= Steinar Andresen =

Norwegian political scientist

Steinar Andresen (born February 27, 1951) is a Norwegian political scientist and Research Professor at the Fridtjof Nansen Institute (FNI) in Lysaker, Norway. He holds a Cand. Polit. degree in political science from the University of Oslo, where he served as professor from 2002-2006, and he has been a guest researcher at Princeton University, New Jersey, the Brookings Institution in Washington DC, and the International Institute for Applied Systems Analysis (IIASA) in Austria.

Andresen’s research has particularly focused on the development and design of international regimes and international organizations, not least regarding climate change, environmental issues and resource management. He has contributed extensively to the research field of regime theory, investigating how design and leadership within various international organizations and conventions ultimately have implications for their effectiveness. In recent years, Andresen has also been involved in research on international health cooperation, focusing among other things on global vaccine initiatives such as GAVI and CEPI.

Andresen is member of the editorial board of Climate Law, International Environmental Agreements and Global Environmental Politics.

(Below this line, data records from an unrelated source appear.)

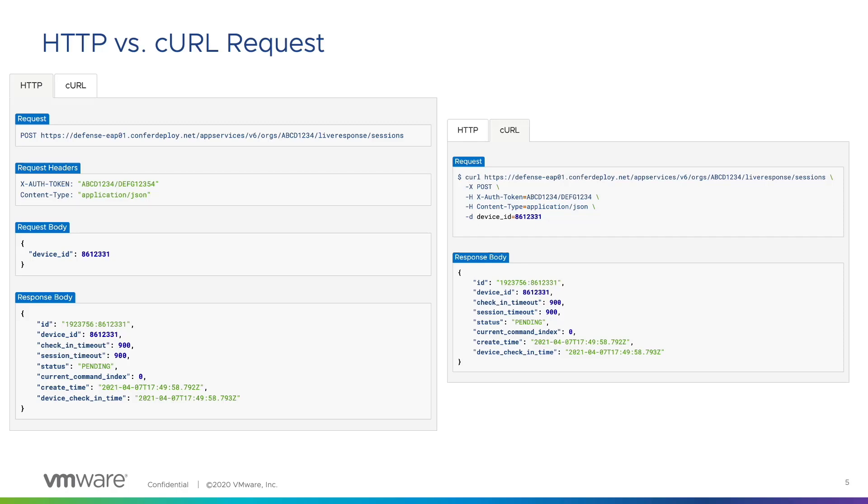The first element of the curl request is the endpoint of the API we want to call. This aligns with the request section in the HTTP request. Next, we have the X, or request command, which provides the method type we want to use. In this case, it is a POST method, and we can see that POST is also included in the request section of the HTTP request.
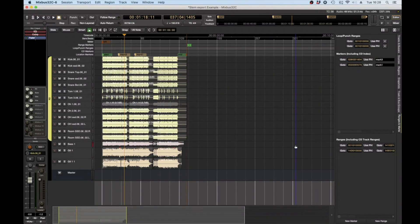Hey everyone, I'm going to show you how I use the time spans for complex exports in Harrison Mixbus.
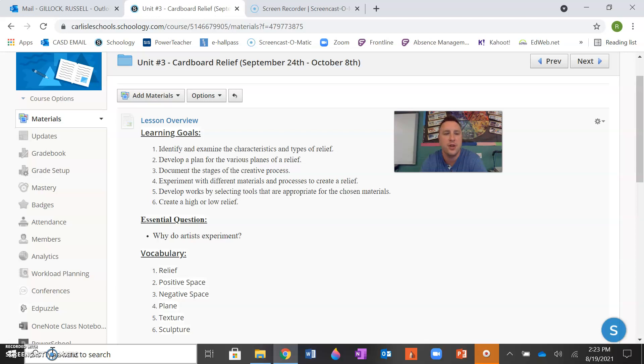In this video, we're going to highlight the learning goals, the essential question, vocab, the assessment, and the materials you're going to need for this project.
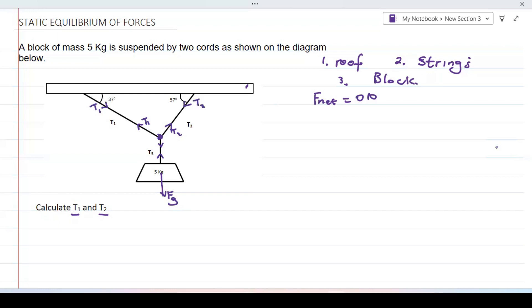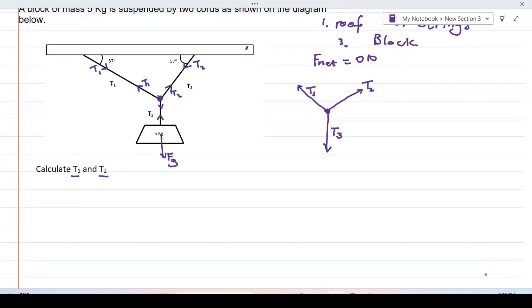What I'm going to do next is to draw all the forces acting at this point — so I draw a free body diagram. I draw a dot and show all the forces acting on that point. That will be T2 in this direction, T3 downward, and T1. Now we have a free body diagram showing all the forces acting on the junction point where all the strings join.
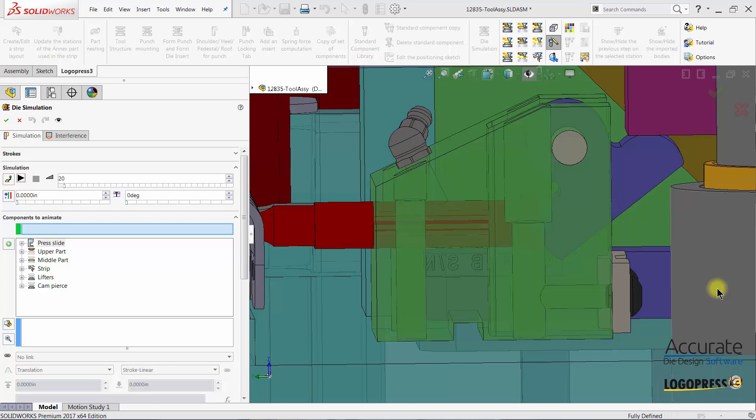In this next video, using the LogoPress 3 die simulation function, I'm going to show how to animate a Cam Pierce unit that has a rotational trigger.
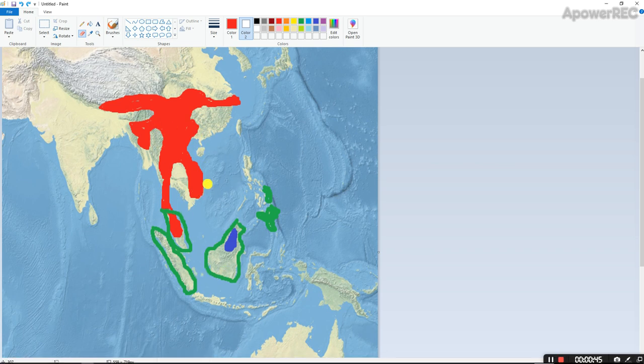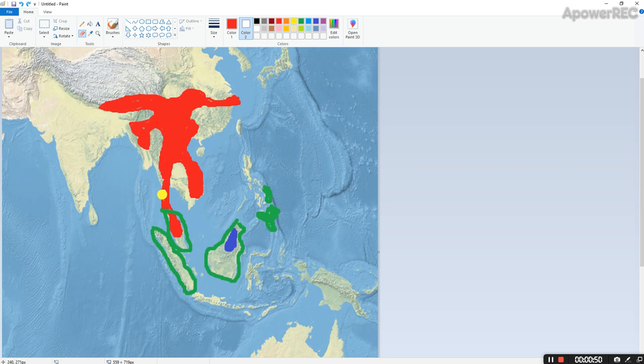This subfamily is distributed from the Indian subcontinent to China and across the mainland of the Sundaland.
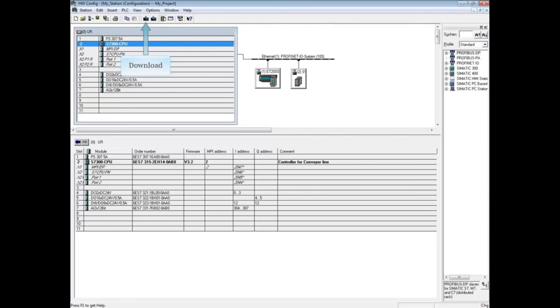The other tabs of CPU properties are discussed in separate videos. This concludes the video on CPU properties web tabs.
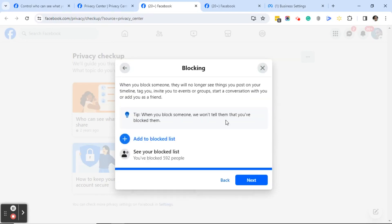Click Next, and here's the Blocking page. When you block someone, they will no longer see things you post on your timeline, tag you, invite you to events or groups, start a conversation with you, or add you as a friend. Tip: when you block someone, Facebook won't tell them that you blocked them. People often ask — if I block someone, do they know? No, they won't. Just know that they will notice your profile is missing if they ever go to search for you, so they'll probably put two and two together eventually.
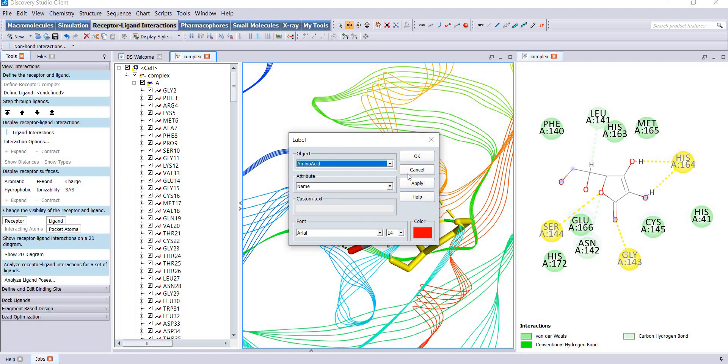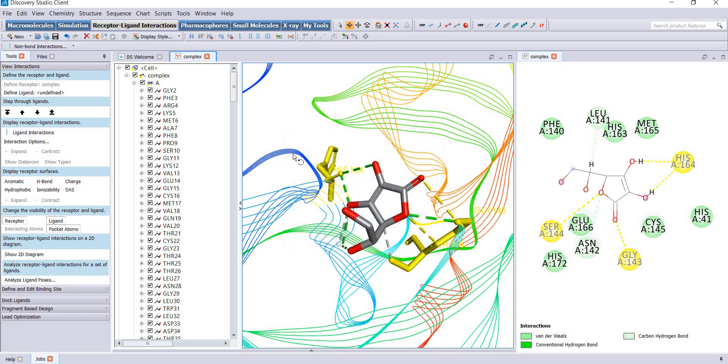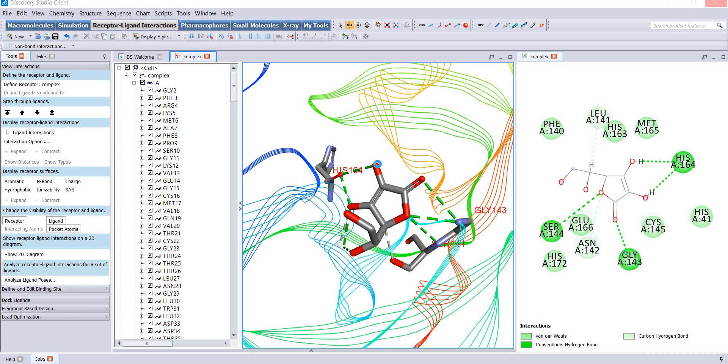Change the size and color, apply, and okay. Now you can see your amino acids are actually labeled.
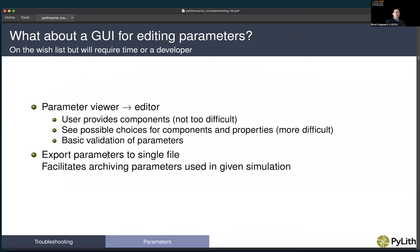So we have this nice web-based browser for the parameters. You may be asking why we don't have a graphical user interface for editing those parameters. It's been on our wish list, but it requires developer time. It's not nearly as easy to edit parameters — especially when you need to validate them — as it is to just view them. To see all possible choices for components needs to be done dynamically at runtime, which is much more difficult. We would want to provide basic validation and export parameters to a single file to facilitate archiving.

== Selection of publications ==

- E. Miles, A Underdal, S. Andresen, J. Wettestad, J.B. Skjærseth and E. Carlin, Environmental regime effectiveness, MIT Press, 2002
- S. Andersen and S. Agrawala, Leaders, pushers and laggards in the making of the climate regime, Global Environmental Change, 12 (2002) 41-51.
- S. Andresen, T. Skodvin, A Underdal and J Wettestad, Science and policy in international environmental regimes, Manchester University Press, 2000.
- S. Andresen, E.L. Boasson and G. Hønneland (eds.), International Environmental Agreements, Routledge, 2012
- N. Kanie, S.Andresen and P. Haas (eds), Improving Global Environmental Governance, Routledge, 2014.
- S. Andresen, Guest editor, International Environmental Agreements (INEA), special issue: The Role of the UN in Global Environmental Governance, Springer, Vol.7, No 4, 2007
- K.I. Sandberg, S.Andresen and G.Bjune, A new approach to global health institutions? A case study of new vaccine introduction and the formation of the GAVI Alliance, Social Science and Medicine, 71, 2010, 1349-1356.
- F. Biermann, K. Abbot, S. Andresen et al Navigating the Anthropocene: Improving Earth System Governance, Science, Vol. 335, 2012, 1306-7.